Question

What will be the projection of vector $\vec{A}$ = $\hat{i}$+$\hat{j}$+$\hat{k}$ on vector $\vec{B}$ = $\hat{i}$+$\hat{j}$ ? [JEE-Main-2021_July]

• A. $\sqrt{2}$($\hat{i}$+$\hat{j}$+$\hat{k}$)
• B. 2($\hat{i}$+$\hat{j}$+$\hat{k}$)
• C. $\sqrt{2}$($\hat{i}$+$\hat{j}$)
• D. ($\hat{i}$+$\hat{j}$)

Answer 1

Answer: (D)

($\hat{i}$+$\hat{j}$)

Answer 2

The projection of vector $\vec{A}$ on vector $\vec{B}$ is given by the formula:

$\text{Proj}_{\vec{B}}\vec{A} = \frac{\vec{A} \cdot \vec{B}}{|\vec{B}|^2} \vec{B}$

Given vectors are $\vec{A} = \hat{i} + \hat{j} + \hat{k}$ and $\vec{B} = \hat{i} + \hat{j}$.
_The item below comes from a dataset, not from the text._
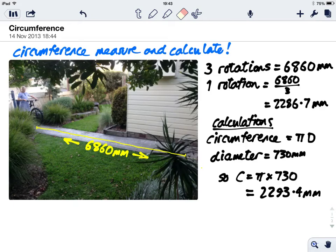Now we reckon this is pretty accurate, even with rough measurements.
First, calculate the dot product $\vec{A} \cdot \vec{B}$:

$\vec{A} \cdot \vec{B} = (\hat{i} + \hat{j} + \hat{k}) \cdot (\hat{i} + \hat{j}) = (1)(1) + (1)(1) + (1)(0) = 1 + 1 + 0 = 2$

Next, calculate the magnitude squared of vector $\vec{B}$:

$|\vec{B}|^2 = |\hat{i} + \hat{j}|^2 = (1)^2 + (1)^2 + (0)^2 = 1 + 1 = 2$

Now, substitute these values into the projection formula:

$\text{Proj}_{\vec{B}}\vec{A} = \frac{2}{2} (\hat{i} + \hat{j}) = 1 (\hat{i} + \hat{j}) = \hat{i} + \hat{j}$

Thus, the projection of vector $\vec{A}$ on vector $\vec{B}$ is $\hat{i} + \hat{j}$.